The idea was that people who were feeling morally dirty would be quicker to make the connection between immorality and blackness on the moral Stroop test, which is exactly what they found. And what’s more, they found this with much looser definitions of morality and immorality—including words like dieting, gossip, duty, partying, helping, and so forth. In other words, those primed for misbehavior linked blackness not only with crime and cheating but with being irresponsible, unreliable, self-centered slackers.
This is pretty convincing in itself, but the researchers wanted to look at the question yet another way. If the association between sin and blackness really does reflect a concern about dirt and impurity, then this association should be stronger for people who are preoccupied with purity and pollution. Such fastidiousness often manifests as personal cleanliness, and a proxy for personal cleansing might be the desire for cleaning products. They tested this string of psychological connections in a final study, again ending with the Stroop test.
The results were unambiguous. As reported on-line in the journal Psychological Science, those who expressed the strongest desire for an array of cleaning products were also those most likely to link morality with white, immorality with black. But here’s the really interesting part: The only products with this power were Dove soap and Crest toothpaste, products for personal cleanliness; things like Lysol and Windex did not activate the sin-blackness connection. In short, concerns about filth and personal hygiene appear central to seeing the moral universe in black and white.
For more insights into the quirks of human nature, visit the “We’re Only Human” blog at www.psychologicalscience.org/onlyhuman. Selections from the blog also appear regularly at Newsweek.com and in the magazine Scientific American Mind.

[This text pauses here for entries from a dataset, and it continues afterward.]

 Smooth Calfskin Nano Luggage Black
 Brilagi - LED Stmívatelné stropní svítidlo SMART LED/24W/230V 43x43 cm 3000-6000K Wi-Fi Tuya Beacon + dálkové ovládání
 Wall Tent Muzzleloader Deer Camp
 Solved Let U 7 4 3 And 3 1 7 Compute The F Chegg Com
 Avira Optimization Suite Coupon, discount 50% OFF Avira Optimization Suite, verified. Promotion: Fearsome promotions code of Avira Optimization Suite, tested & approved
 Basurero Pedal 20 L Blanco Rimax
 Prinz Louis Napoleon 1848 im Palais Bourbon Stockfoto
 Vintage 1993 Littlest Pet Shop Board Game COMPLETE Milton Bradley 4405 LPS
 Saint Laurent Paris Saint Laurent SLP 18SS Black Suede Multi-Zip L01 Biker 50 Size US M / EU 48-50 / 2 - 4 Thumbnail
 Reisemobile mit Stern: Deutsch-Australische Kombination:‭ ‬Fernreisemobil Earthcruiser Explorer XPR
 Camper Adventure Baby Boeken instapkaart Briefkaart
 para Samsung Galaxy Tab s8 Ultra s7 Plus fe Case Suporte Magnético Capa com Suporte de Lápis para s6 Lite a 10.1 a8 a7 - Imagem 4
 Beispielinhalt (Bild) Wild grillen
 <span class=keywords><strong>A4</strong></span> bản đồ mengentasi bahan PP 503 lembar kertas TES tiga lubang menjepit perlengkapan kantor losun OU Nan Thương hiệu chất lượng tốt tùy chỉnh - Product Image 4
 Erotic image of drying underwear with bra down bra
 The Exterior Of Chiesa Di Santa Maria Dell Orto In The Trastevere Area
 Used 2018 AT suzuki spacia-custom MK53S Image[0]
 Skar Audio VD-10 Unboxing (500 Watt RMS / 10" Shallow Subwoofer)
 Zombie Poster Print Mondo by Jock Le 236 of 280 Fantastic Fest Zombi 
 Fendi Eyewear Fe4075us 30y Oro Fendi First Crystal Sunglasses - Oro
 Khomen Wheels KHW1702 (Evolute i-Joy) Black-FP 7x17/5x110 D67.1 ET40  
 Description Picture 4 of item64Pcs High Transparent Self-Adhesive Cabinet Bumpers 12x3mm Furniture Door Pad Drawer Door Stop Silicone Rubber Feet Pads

posted by Wray Herbert @ 4:16 PM
3 Comments:
Fascinating! Is there any work on the potential racial overtones of this?
Veddy veddy interesting. I plan to visit your blog often.
www.itsmewithocd.blogspot.com
As I understand it, some Eastern cultures have black or red wedding dresses. White is considered a symbol of mourning.
How does this play into the study here, that discusses the "automatic, universal, and ancient" black/white truths?